Problem requirements:
Would you please restate the data exactly as it stands, apart from the pictures?

(Supplied records Opens)

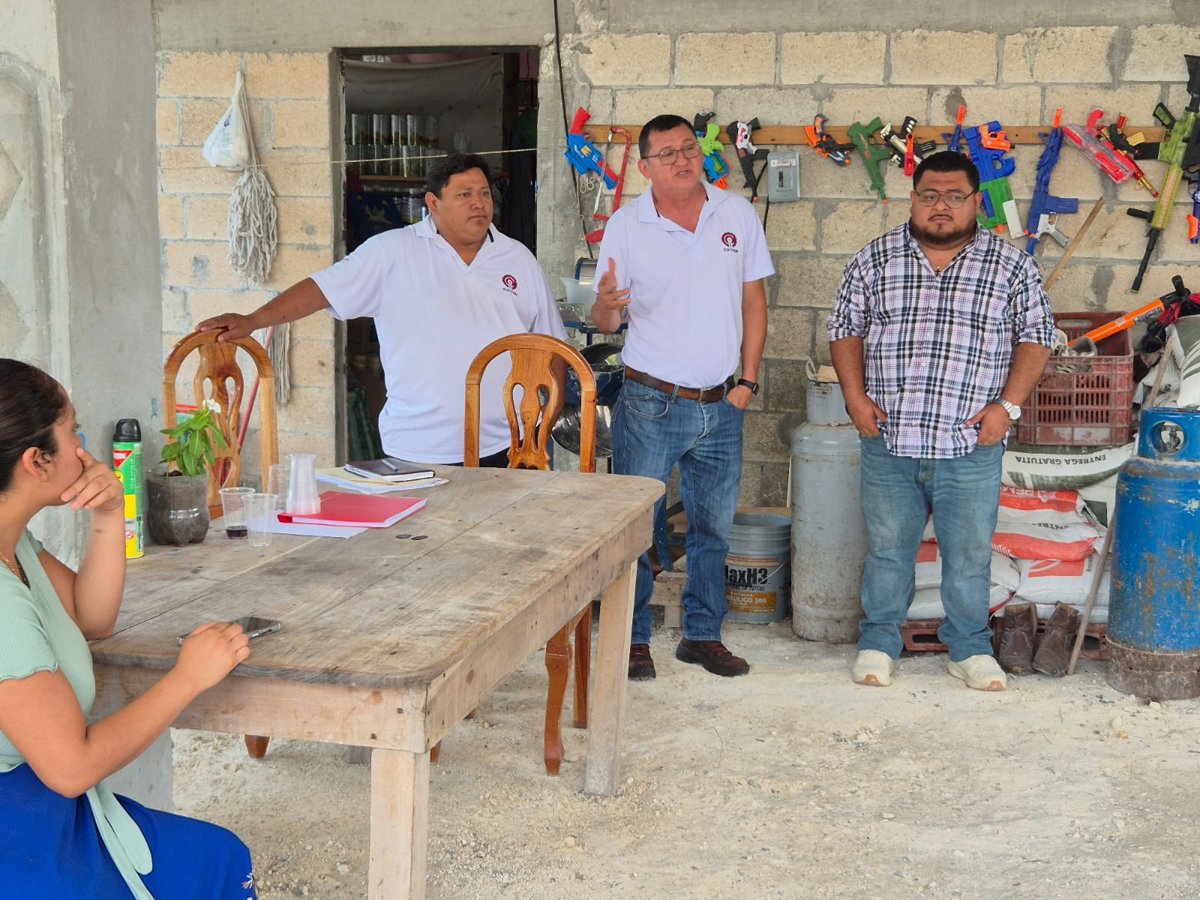 ICATCAM Y LA FORMACIÓN PARA EL BIENESTAR: ICAT PLANTEL ESCÁRCEGA ABRE CURSO EN ABELARDO L. RODRÍGUEZ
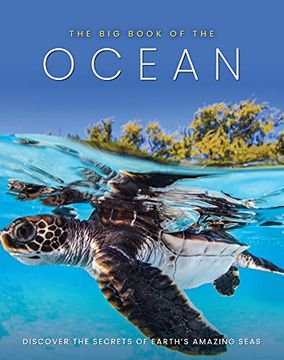 portada The big Book of the Ocean: Discover the Secrets of the Earth'S Amazing Seas (en Inglés)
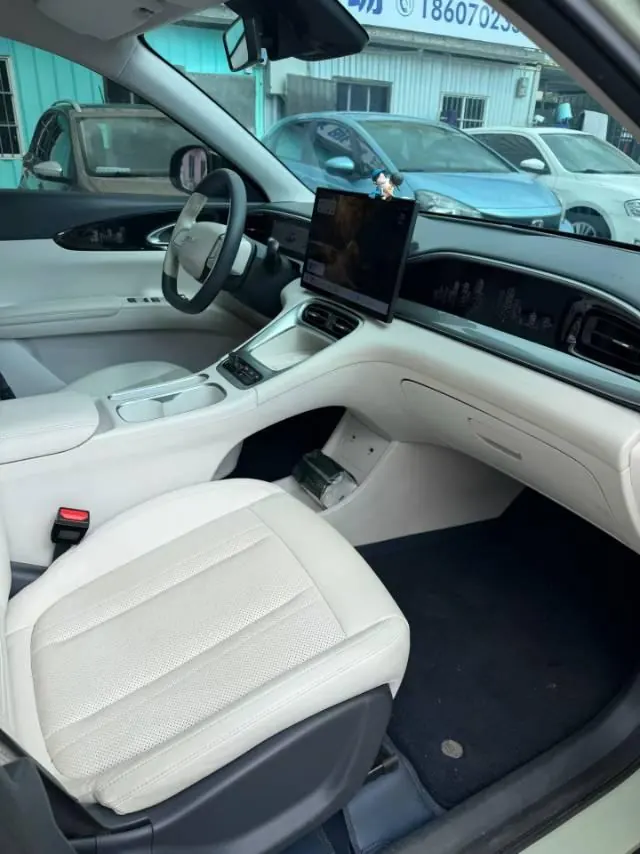 Geely 2024 Star Wish UP 410km Discovery Edition Automatic Gear 5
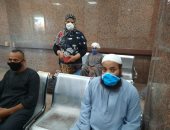 فيديو.. رسائل المتعافين من كورونا بمستشفى الأقصر للأطباء والعمال بعد شفائهم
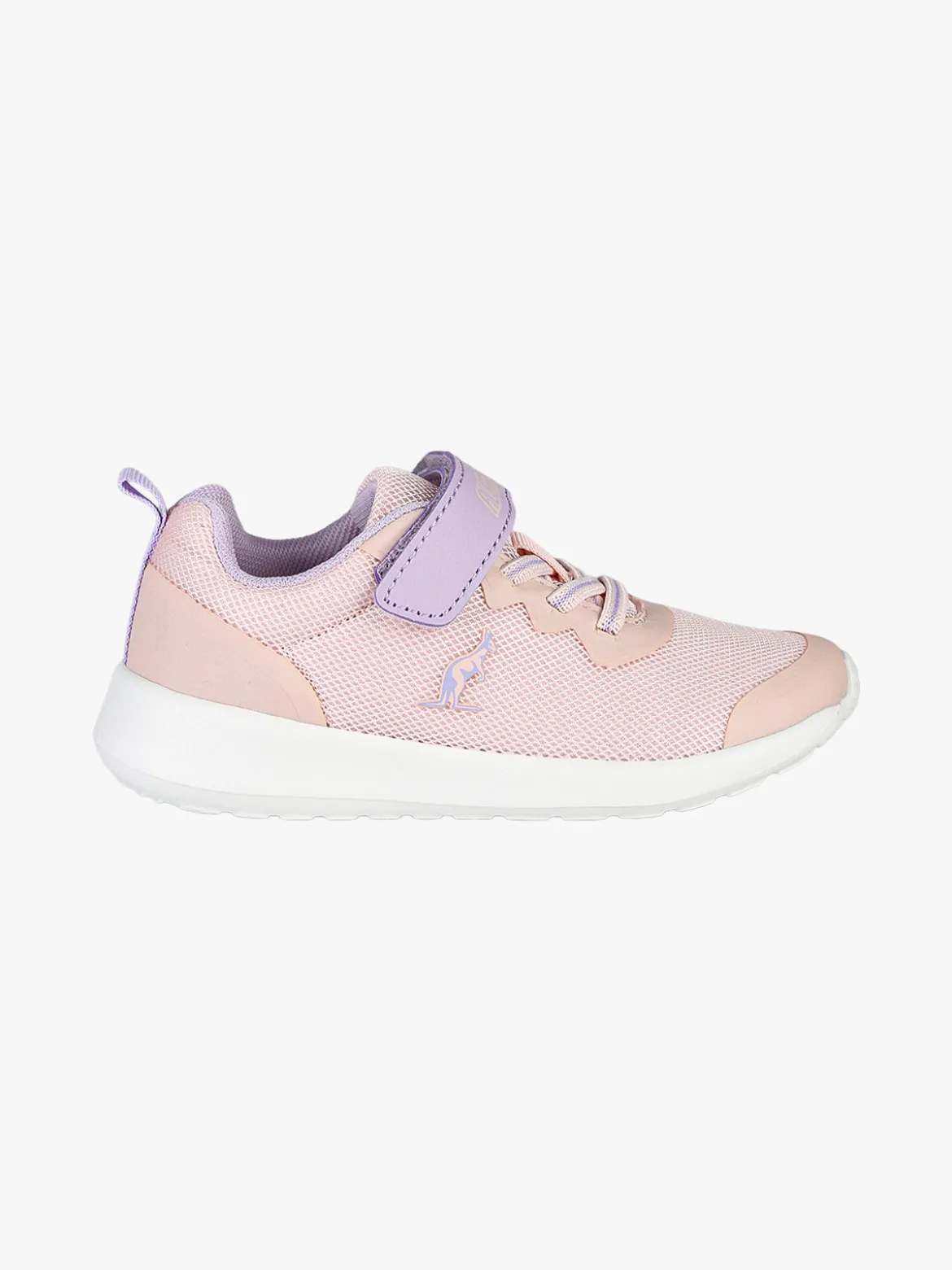 Australian FLAME Sneakers da bambina con strappo - rosa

(Supplied records Closes)

Your response:
 ICATCAM Y LA FORMACIÓN PARA EL BIENESTAR: ICAT PLANTEL ESCÁRCEGA ABRE CURSO EN ABELARDO L. RODRÍGUEZ
 portada The big Book of the Ocean: Discover the Secrets of the Earth'S Amazing Seas (en Inglés)
 Geely 2024 Star Wish UP 410km Discovery Edition Automatic Gear 5
 فيديو.. رسائل المتعافين من كورونا بمستشفى الأقصر للأطباء والعمال بعد شفائهم
 Australian FLAME Sneakers da bambina con strappo - rosa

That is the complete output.